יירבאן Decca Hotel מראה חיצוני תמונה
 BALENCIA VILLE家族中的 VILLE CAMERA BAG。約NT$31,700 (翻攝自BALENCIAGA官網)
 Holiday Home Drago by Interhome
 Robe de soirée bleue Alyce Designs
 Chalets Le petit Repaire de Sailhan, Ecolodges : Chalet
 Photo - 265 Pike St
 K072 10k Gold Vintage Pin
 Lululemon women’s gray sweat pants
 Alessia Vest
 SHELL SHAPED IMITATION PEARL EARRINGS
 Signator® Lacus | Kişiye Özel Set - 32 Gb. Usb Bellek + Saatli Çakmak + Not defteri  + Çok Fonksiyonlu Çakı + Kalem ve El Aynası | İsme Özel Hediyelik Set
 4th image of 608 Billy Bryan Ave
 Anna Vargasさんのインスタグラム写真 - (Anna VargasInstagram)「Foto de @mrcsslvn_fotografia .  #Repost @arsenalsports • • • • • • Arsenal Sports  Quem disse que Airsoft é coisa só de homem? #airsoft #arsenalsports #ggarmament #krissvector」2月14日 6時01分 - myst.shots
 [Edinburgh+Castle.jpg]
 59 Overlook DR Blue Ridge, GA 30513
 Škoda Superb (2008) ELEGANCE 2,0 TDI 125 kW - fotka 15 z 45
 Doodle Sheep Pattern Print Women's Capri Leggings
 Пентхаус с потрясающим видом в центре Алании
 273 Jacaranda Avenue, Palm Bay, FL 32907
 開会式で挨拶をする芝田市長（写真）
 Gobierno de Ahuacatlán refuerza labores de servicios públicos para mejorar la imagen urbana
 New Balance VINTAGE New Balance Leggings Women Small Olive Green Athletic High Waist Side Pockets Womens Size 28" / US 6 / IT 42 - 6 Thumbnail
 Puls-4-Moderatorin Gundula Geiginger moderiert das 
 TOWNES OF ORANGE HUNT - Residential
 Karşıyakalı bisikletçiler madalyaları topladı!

------------------------------------------------

### What needs to be done
Among the records above, find the lines where the word "Leggings" appears and copy them.

### Task solution
 Doodle Sheep Pattern Print Women's Capri Leggings
 New Balance VINTAGE New Balance Leggings Women Small Olive Green Athletic High Waist Side Pockets Womens Size 28" / US 6 / IT 42 - 6 Thumbnail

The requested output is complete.